Manuel encontra seu inimigo doente, e o ajuda na convalescença, a fim de poder derrotá-lo em armas mais tarde, o que faz meses depois. Ao longo dos meses seguintes ainda passará por vários incidentes. Antagoniza um chileno, que depois seduzirá sua noiva, e que ele mesmo obriga a casar com ela para preservar a honra da família. Mas com ele, também, terá um duelo até a morte. Como pano de fundo, a Revolução Farroupilha.

O protagonista Manuel é o típico herói romântico, forte e cheio de recursos, mas, como alguns dos índios de Alencar, caladão. Não gosta de gente e prefere a companhia dos cavalos, pelos quais até se arrisca.
As mulheres de O Gaúcho, por sua vez, estão longe das figuras fortes de Erico Verissimo ou do estereótipo das prendas. São mulheres sujeitas a uma sociedade cheia de regras, mas ao mesmo tempo maliciosas e sedutoras, especialmente quando dançam. Alencar parece tê-las calcado na literatura espanhola.

Acostumado a fazer pesquisas antes de escrever, José de Alencar moldou sua trama em parte na história gaúcha. Mas os tipos criados por ele, embora possam até ter sido inspirados em figuras factíveis ou verossímeis, não são aqueles que a literatura do RS preferiu consagrar. Os gaúchos de Alencar eram fortes mas vingativos, violentos e toscos. O próprio Bento Gonçalves do livro era um líder mas, basicamente, um projeto de caudilho.

Romance precursor

Curiosamente, outro romance do século 19, este escrito por um gaúcho, também não é muito elogioso.
O Corsário, de Caldre e Fião, foi um dos primeiros romances históricos brasileiros, é de 1953, publicado poucos anos após a Guerra dos Farrapos. Garibaldi é retratado como um bandido, um pirata que atuava no litoral e na Lagoa dos Patos, assim como o vilão do livro, um corsário italiano.

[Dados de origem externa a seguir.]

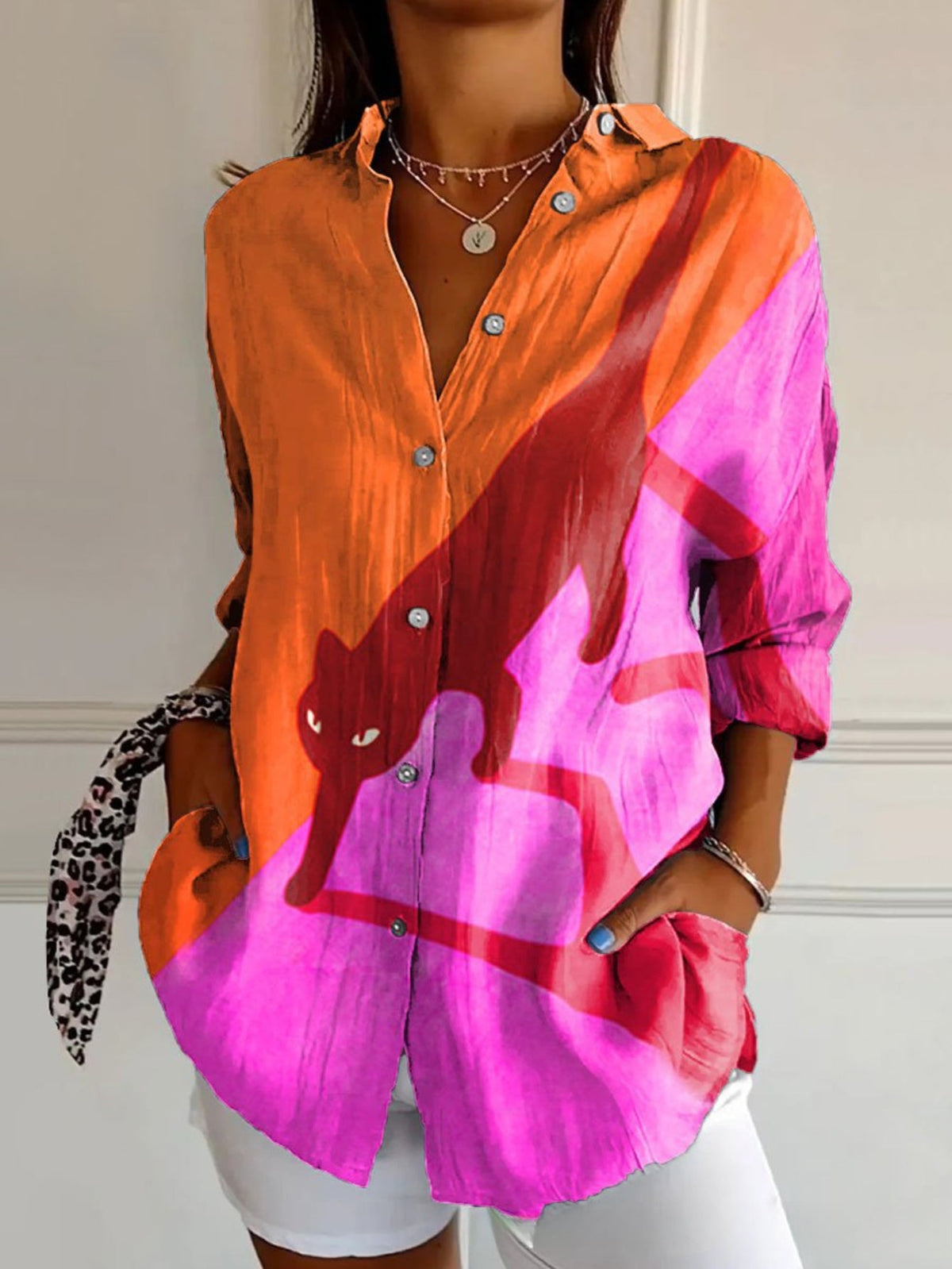 Casual Shirt Long Sleeve Floral Regular Loose Top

Os heróis de O Corsário são moradores de Tramandaí que ganhavam a vida saqueando navios naufragados no litoral. E também partem em uma missão de vingança. Em Porto Alegre, matam uma pessoa e vão presos. Ou seja, também neste livro os gaúchos não são exatamente o tipo nobre. Mas Bento Gonçalves é retratado de forma mais generosa, como uma liderança honrada – embora o livro enfoque também seu duelo até a morte com Onofre Pires.

Personagem platino

Por último, um gauchão consagrado na literatura continental, o herói de Martín Fierro, poema épico do argentino José Hernández publicado entre 1872 e 1879. É o mais lembrado dessa pequena galeria de gaúchos malditos. Inclusive, uma edição saiu em 2013 pelo Instituto Estadual do Livro e tem tradução de Nico Fagundes.

No prefácio da edição gaúcha, Fagundes comenta que o poema é um de seus preferidos, mas que o herói não é um de seus personagens preferidos. Não é à toa. O texto descreve aventuras no pampa e a vida difícil dos peões, mas seu protagonista é um encrenqueiro que deserta do alistamento militar compulsório, mata um homem e tem que se esconder no meio dos índios, os quais, por sinal, despreza. E vive reclamando de seu destino cruel.

Sirvam nossas façanhas de modelo a toda terra. No caso destes gaúchos esquecidos, até faziam façanhas. Mas modelo, decididamente, não eram.